実は、ケパランは半年間の休館期間で大きく成長しようとしています。具体的には、ケパランが自ら移動して周囲に積極的に働きかけられるよう、歩行機能の向上に取り組むほか、機体のサイズアップや機能の拡充を進めます。機体のサイズアップにあたっては、ケパランの成長を反映したデザインを採用。また、周囲の状況を正確に把握するセンサーとそれを活かすソフトウェアを強化し、より豊かで主体的なコミュニケーションの実現を目指します。
つまり、文字通り一回り大きくなった姿でリニューアルオープン後にまたみなさんとお会いできるはずです。これ以上詳しくは現時点(2026年9月)ではまだ言えないのですが……。今後少しずつお伝えしていきますので、楽しみに待っていてくださいね。

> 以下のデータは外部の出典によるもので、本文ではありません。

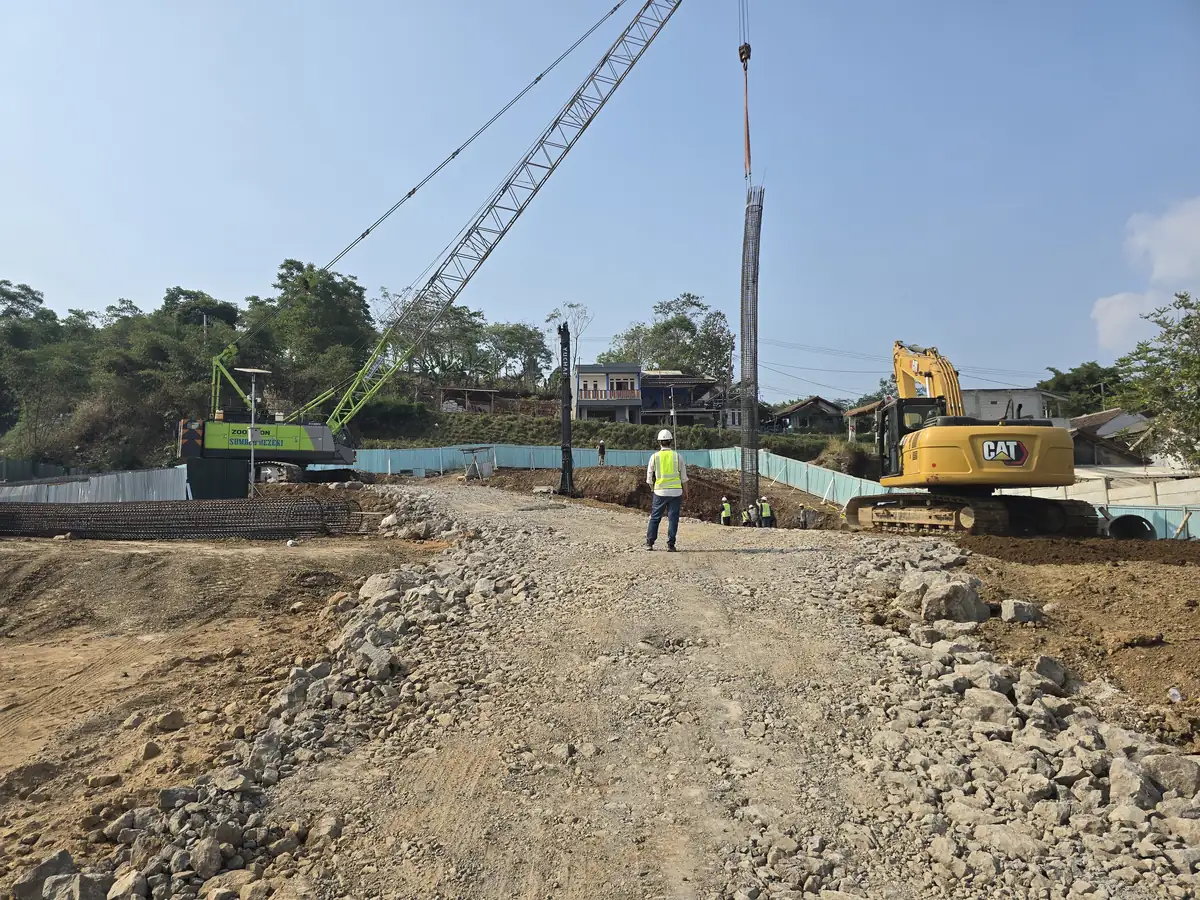 Crane mengangkat keranjang tulangan bored pile di lokasi proyek, dengan jalan kerja dari batu pecah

さて、ケパランの現在の機体がアップデートされるにあたって、このブログでは2023年11月から常設展示で活躍した現在の機体の、ロボットとしてのしくみを記録として残していきます。モフモフしてかわいい見た目が印象的なケパランですが、その裏にはさまざまな技術や工夫が詰め込まれています。
ケパランとは、どんなロボットなのか?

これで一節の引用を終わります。